Fiction; synthetics; future past; cosmic time; space travel, island; colonialism.
a.ACHAT, Daniel Colucciello Barber, Stefan Becker, Hannes Broecker, Nikolaus Gansterer, James Hoff, Barbara Imhof, Margarete Jahrmann, Marian Kaiser, D. Kaufman, Jonas Loh, Fred Rapid, Klaus Schafler, Claudia Schötz, Christina Wessely. VOICE: Anna Mendelssohn.
Film / live-broadcast: Emma Rosa Simon
White light, Aww white light it lighten up my eyes
White light, don‘t you know it fills me up with surprise
White light, Aww white heat tickle me down to my toes
White light, Aww white light I tell you now goodness knows, now work it.
The Velvet Underground
Jacques Rancière once said that, maybe, it is more important to save fiction from reality, than to protect reality from fiction. What if this is especially true in high times of simulation, when reality increasingly coincides with models that anticipate, predict, and regulate this reality? They say, we live in an age of simulation, fiction will disappear along with the old technologies that produced it. But, what if fiction has just changed its register? What if fiction has become a mode of critique, in its old-fashioned insistence not to be real, its persistence on a sprawling seam that distinguishes itself from reality?
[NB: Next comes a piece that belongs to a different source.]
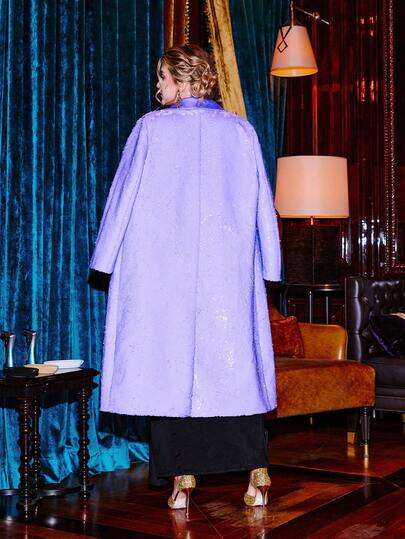 VOLUPTÉ CURVE Plusstorlekar Höst/Vinter Modern Glamorös Feststil Paljettbroderad Tyg Med Satinslag Långärmad Rak A-linjeformad Silhuett Sidoslits Nedsänkta Axlar Knälång Formell Klädliknande Ytterplaggskappa, Lämplig För Kvällsfest, Pendling, Dejt, Bal, Mångsidig Bästsäljare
What if the issue is not the postfactional, but the postfictional?
The episode follows the glow of the strangest of all elements, Phosphorus, from its extraterrestrial origins via alchemistic experiments, bird excrements, pacific islands, colonial expansions and dietary geopolitics to the new subaquatic and outer space territories of capitalism. In collaboration between various artists, theoreticians, a designer, and a space station architect, the episode measures the distance between islands and planets, tragedy and transgression, future, fiction, and past. “A myth can only be told in the language of the myth.
”The trip starts on Nauru, the phosphate island in the Pacific Ocean, formerly the richest republic in the world and the future test site for space travel and bio-currencies, these days the site of an Australian detention camp for refugees, about to disappear under water. Nauru is the perfect spot to fabulate about space colonies, interstellar green houses, and self-mining, to discuss life and resistance in hostile environments, to contemplate living organisms built from scratch, without original in nature, and to talk about the violent, gleaming white technologies of desire.